На самом деле все три измерения борьбы — идейное, социальное и экономическое — переплелись в тогдашней России теснейшим образом. Это, собственно, и составляет основную сложность той переходной эпохи. Кто стоял с кем? Кто представлял кого? Чьи интересы совпадали и чьи расходились? И в чем эти интересы состояли?
Чтоб упростить разматывание этого запутанного клубка, попытаемся сгруппировать главных актеров московской исторической сцены по главному же признаку: какой царь был им нужен? За что они выступали — за ограничение царской власти или за ее безграничное расширение?
Самое меньшее, что можем мы сказать сразу: интересы боярства, русской аристократии, по определению защищавшей свои наследственные привилегии, а значит, и социальные ограничения власти, во всяком случае, не противоречили интересам крестьянской предбуржуазии, точно так же по определению защищавшей экономические ограничения власти. Н.Е. Носов отважился пойти даже дальше. Говоря о боярстве, он утверждает, что «объективно в силу своего экономического положения как сословия крупных земельных собственников, оно было менее заинтересовано и в массовом захвате черносошных земель, и в государственном закрепощении крестьянства, чем мелкое и среднепоместное дворянство, а следовательно, и менее нуждалось в укреплении военно-бюрократического самодержавного строя. В этом отношении его интересы даже могли совпадать с интересами верхов купечества»8
.Несмотря на осторожность этого ответственного высказывания, мы отчетливо видим, как прорисовываются под пером Носова, по крайней мере, контуры потенциальной политической коалиции боярства и «лутчих людей». Я склонился бы к еще более осторожной формулировке: защищая свои корпоративные интересы, боярство вместе с тем должно было, пусть невольно, защищать и интересы предбуржуазии.
И еще был один естественный союзник у этой коалиции: реформистское течение в русском православии, известное под именем нестяжательства. Его идеология тоже защищала ограничения власти. Вопрос о связях нестяжателей с боярством давно решен в русской историографии положительно. Даже советские историки, воспитанные на ненависти к боярству и усматривавшие поэтому в нестяжательстве реакционную силу, никогда этот вердикт не оспаривали.
Стало быть, по одну сторону исторической баррикады вырастает у нас вполне представительный реформаторский треугольник: нестяжательство — боярство — пред- буржуазия. Каждый из этих актеров по-своему видит пределы, за которые не должна простираться царская власть, но все сходятся на том, что такие пределы необходимы.

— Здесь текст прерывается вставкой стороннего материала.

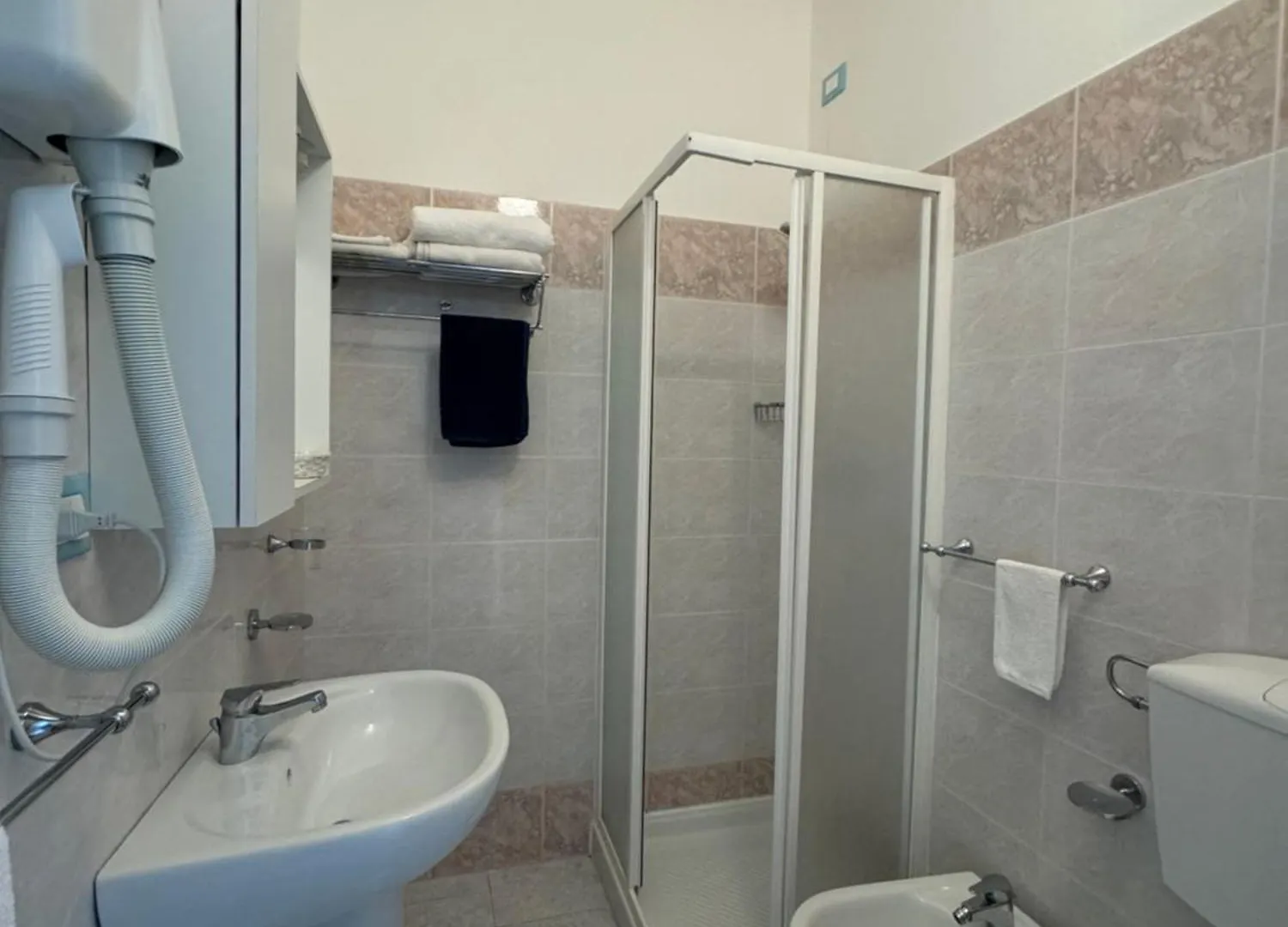 Hotel Bagno Stella Del Mare Marina Di Carrara Włochy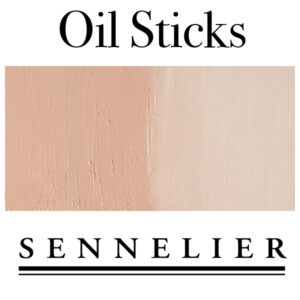 250 - Flesh Ochre Pastelli Olio - Oil Sticks Sennelier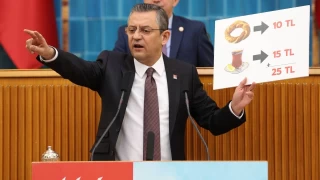 Özgür Özel'den Erdoğan'a: Sende utanma yok mu?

А теперь заглянем в лагерь противоположный. Первое, что бросается нам здесь в глаза, это, конечно, помещики. Мы уже знаем, что они ненавидят бояр и Юрьев день. Ограничения власти им не нужны. Напротив, нуждаются они в сильной произвольной власти, способной порушить не только закон, но и вековой обычай. Никто, кроме самодержавного царя, не в силах был сломить мощь боярства и отменить «крестьянскую конституцию» Ивана III. Разумеется, не отказались бы помещики и от монастырских земель. Но не в ситуации, когда церковники оказывались самыми сильными их политическими союзниками.
Роль церкви в назревающей схватке была, как мы уже говорили, яснее всего. У нее не было врага страшнее Реформации. Просто немыслимо было разрушить политическое наследство Ивана III без власти самодержавной, неограниченной. Только при этом условии могли надеяться церковники натравить помещиков на крестьянские и боярские земли вместо собственных.
Наконец, идеологическую грань этого второго треугольника составило иосифлянство, сильное церковное течение, посвятившее себя защите монастырских земель. Эта коалиция контрреформы, заинтересованная в неограниченной царской власти и, следовательно, в самодержавной революции, сложилась задолго до рождения Ивана Грозного. На самом деле добилась она серьезных успехов еще при его отце, великом князе Василии. Просто Василий был личностью слишком незначительной. Он оказался неспособен ни на продолжение реформаторских планов Ивана III, ни на их разрушение. В результате проевропейская коалиция, пришедшая к власти на волне народного возмущения в годы отрочества Ивана IV, снова поставила под сомнение все успехи церковников в предшествующее царствование. Естественно, они должны были удвоить свои усилия.
Для меня решающая связь горестной судьбы русского крестьянства с успехом иосифлян, предотвратившим секуляризацию церковных земель, несомненна. Но чтобы убедить читателя, остановлюсь на этой теме, которую почему-то оставили в последние годы без внимания отечественные историки, подробнее9
.ОШИБКА ВАЛЛЕРСТАЙНА
История в отличие от бокса редко решает спор противоборствующих тенденций чистой победой, нокаутом. Она склонна к компромиссам. Обычно присуждает она победу по очкам — и то после долгого кружного пути, когда зачинатели борьбы давно уже покинули историческую сцену.